A BOY OF five, after suffering a heart-wound, doesn’t rant and rail at the heavens. A boy of five plays the hand he’s dealt, and if it kills him, oh well, and if it doesn’t, what do ya know? The strongest suit in Jamey Van Zandt’s hand was his nature. The weakest was his luck. An example of both:
When Jamey was born, his head was seventeen inches in circumference. The opening in his mother’s pelvis was not. Debbie needed an emergency C-section to deliver him and days of rest afterward. Baby and mother were separated. In the hospital nursery, Jamey contracted staph boils, which were treated with sulfa drugs to which Jamey proved allergic. He ended up in Intensive Care. Prolonged separation delayed lactation. By the time mother and child were reunited it was impossible for Debbie to breastfeed her son. This was Jamey’s luck. He grew into a big, happy, resentment-free lug of a baby anyway. This was his nature. Jamey’s was not the sort of heart that cried out, Where are the breasts that I deserve? His was the sort that said, Bottle? Cool. Formula? Yum! From birth Jamey was blessed, despite his wretched luck, with a nature easily pleased by the world within his reach. If the kid in the backyard next door had a twenty-dollar action figure with kung-fu grip, fully articulated joints, and power-action waist, and Jamey had an old wet dishrag, Jamey set to work exploring the properties of his wet rag, inventing a personality for it, interacting and teasing and yucking it up with it till the neighbor kid would be pleading to trade his action figure for Jamey’s rag.
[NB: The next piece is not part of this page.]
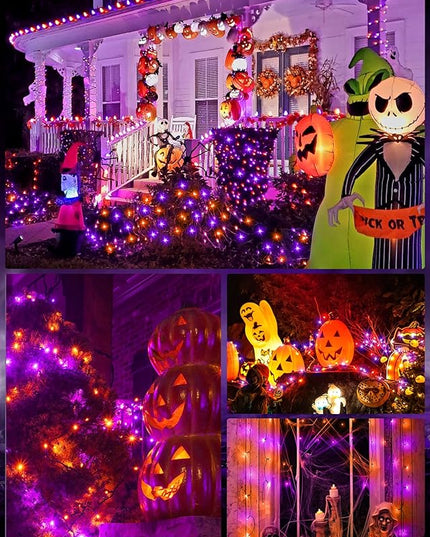 Minetom 2 Pack Solar Halloween Lights Outdoor, Total 80FT 200 LED Halloween String Lights with 8 Mode,Halloween Decoration Outdoor, Waterproof Solar String Lights for Outside Tree Yard,Orange & Purple Minetom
Another of Jamey’s strong suits: indefatigability. An invaluable asset for a lad destined for a life in the arts. An example: Jamey loved to crawl as an infant and became unusually proficient at it—so proficient that, long after other kids his age were walking, he took no particular interest in uprightness. Jamey was fifteen months old and his parents, Debbie and Jon, feared he was developmentally disabled in some way before he began to experiment with walking. But his experiments met with an odd setback: vertical toddling struck little Jamey as hilarious. Trying to convey a toy across a room by placing one tiny foot in front of the other when, on his hands and knees, he could nearly carry his mother on his back, made him laugh so hard he’d lose his balance, teeter into walls and furniture, bang his knees, hips, head, fall on his ass, laugh hysterically, stand back up, leg it into more crashes, and laugh even harder. When neighbors and relatives witnessed his hilarity-sabotaged toddling, word spread and small crowds would convene, soon laughing so hard that the future thespian experienced an early love of his ability to amuse an audience.
One morning during his Walk, Crash, and Laugh phase Jamey sat down on the floor, fell silent, and after a few minutes began to cry—a nearly unheard-of act for this ebullient little person. When Debbie tried to figure out why, the toddler could articulate nothing, but the crying grew so inconsolable that she took him to an emergency room. The problem was a hernia. Jamey underwent surgery that night. The operation left a seven-inch scar reaching from his groin’s ground zero to his right hip bone. The surgeon warned Jamey’s parents that it would be days before he tried to walk and that it would hurt like hell when he did. But this was where his indefatigability kicked in: on Jamey’s first night home from the hospital, Jon woke to an eerie sound in the bedside crib, wakened Debbie, and in the glow of the night-light they beheld their son gripping the crib rail in his chubby fist as he staggered back and forth like King Lear in his late madness, cheeks streaked with tears, belly shaking with laughter. Even in pain, two-leggèd locomotion continued to strike Jamey as a scream.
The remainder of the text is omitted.